Instructions to follow –
Provide a verbatim copy of all the records below, leaving the images out.

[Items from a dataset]
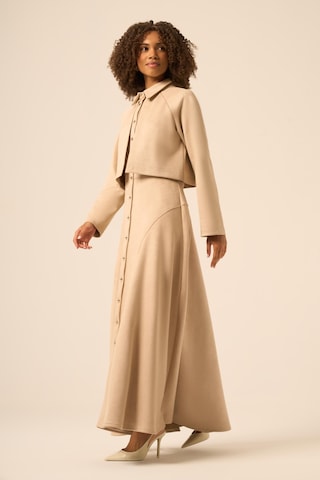 Ftz Women Kadın Scuba Süet Bolerolu Elbise Beige 31255 Beige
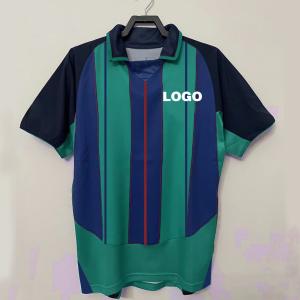 Quality Retro Polyester V Neck Red Blue Soccer Jersey Quick Dry wholesale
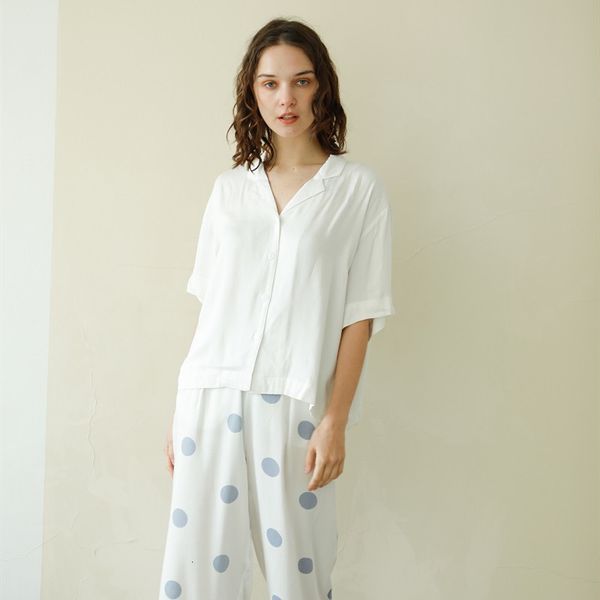 

summer women's pants & capris casual 100% viscose white short sleeve pajama sets blue dot ankle-length loose comfortable sleepwear suit, Black;white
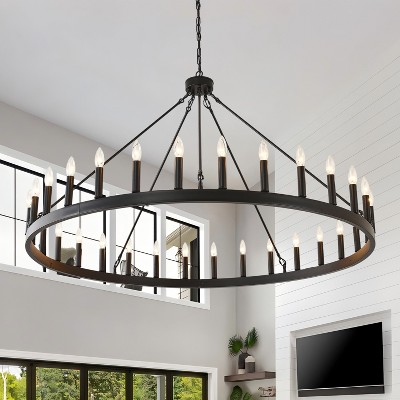 BAOURE 53 Inch Large Black Wagon Wheel Chandelier, 20-Light Farmhouse Rustic Pendant Lights, Round Light Fixtures for Outdoor Porch High Ceiling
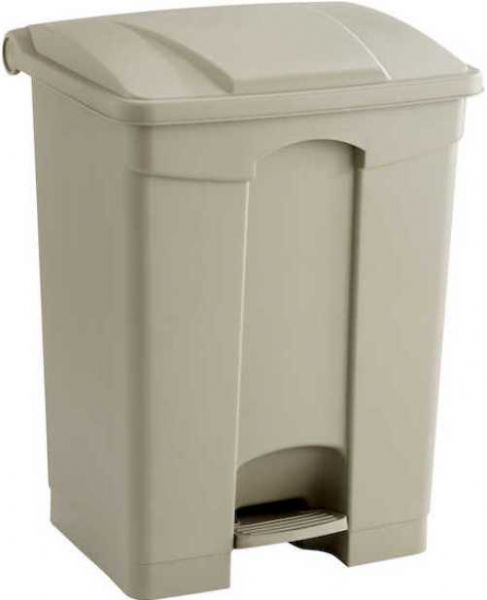 Safco 9922TN Plastic Step-On Waste Receptacle, Step-on opening, Automatically closing cover, Smooth finish, 17-gallon capacity for waste removal in large quantities, Large capacity waste receptacle for hospitality or public spaces, UPC 073555992267, Tan Finish (9922TN 9922-TN 9922 TN SAFCO9922TN SAFCO-9922-TN SAFCO 9922 TN) 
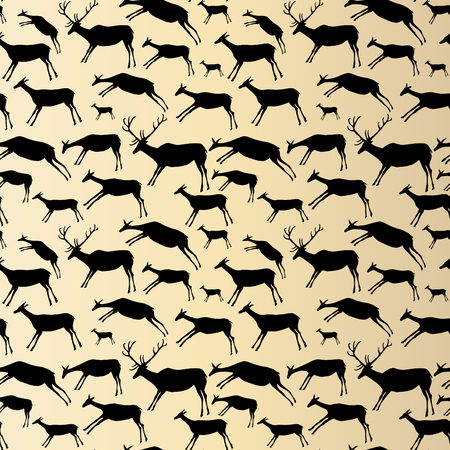 Cave Painting Seamless Pattern. Animals silhouettesの写真素材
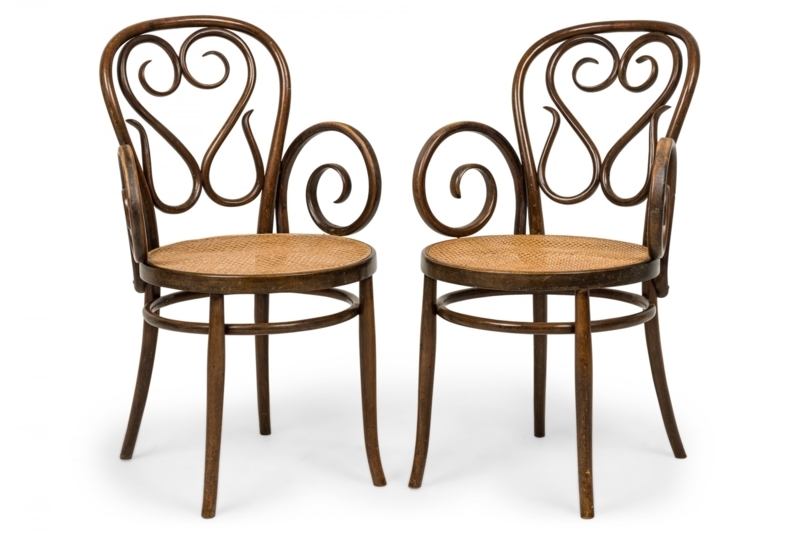 Italian Bentwood Armchair: Mirrored Spiral Arms, Scroll Back, Cane Seat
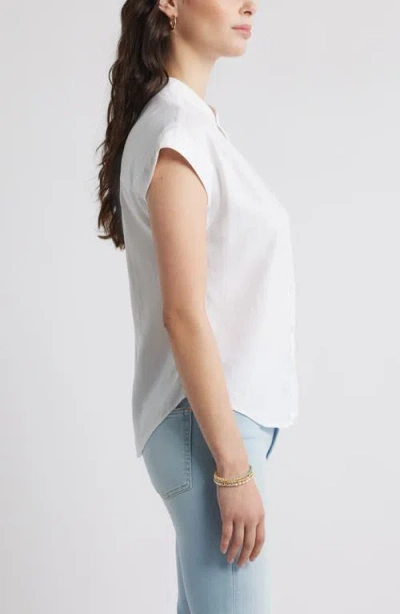 Caslon ® Easy Cap Sleeve Linen Blend Button-up Shirt In White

Exercise output –
 Ftz Women Kadın Scuba Süet Bolerolu Elbise Beige 31255 Beige
 Quality Retro Polyester V Neck Red Blue Soccer Jersey Quick Dry wholesale

summer women's pants & capris casual 100% viscose white short sleeve pajama sets blue dot ankle-length loose comfortable sleepwear suit, Black;white
 BAOURE 53 Inch Large Black Wagon Wheel Chandelier, 20-Light Farmhouse Rustic Pendant Lights, Round Light Fixtures for Outdoor Porch High Ceiling
 Safco 9922TN Plastic Step-On Waste Receptacle, Step-on opening, Automatically closing cover, Smooth finish, 17-gallon capacity for waste removal in large quantities, Large capacity waste receptacle for hospitality or public spaces, UPC 073555992267, Tan Finish (9922TN 9922-TN 9922 TN SAFCO9922TN SAFCO-9922-TN SAFCO 9922 TN) 
 Cave Painting Seamless Pattern. Animals silhouettesの写真素材
 Italian Bentwood Armchair: Mirrored Spiral Arms, Scroll Back, Cane Seat
 Caslon ® Easy Cap Sleeve Linen Blend Button-up Shirt In White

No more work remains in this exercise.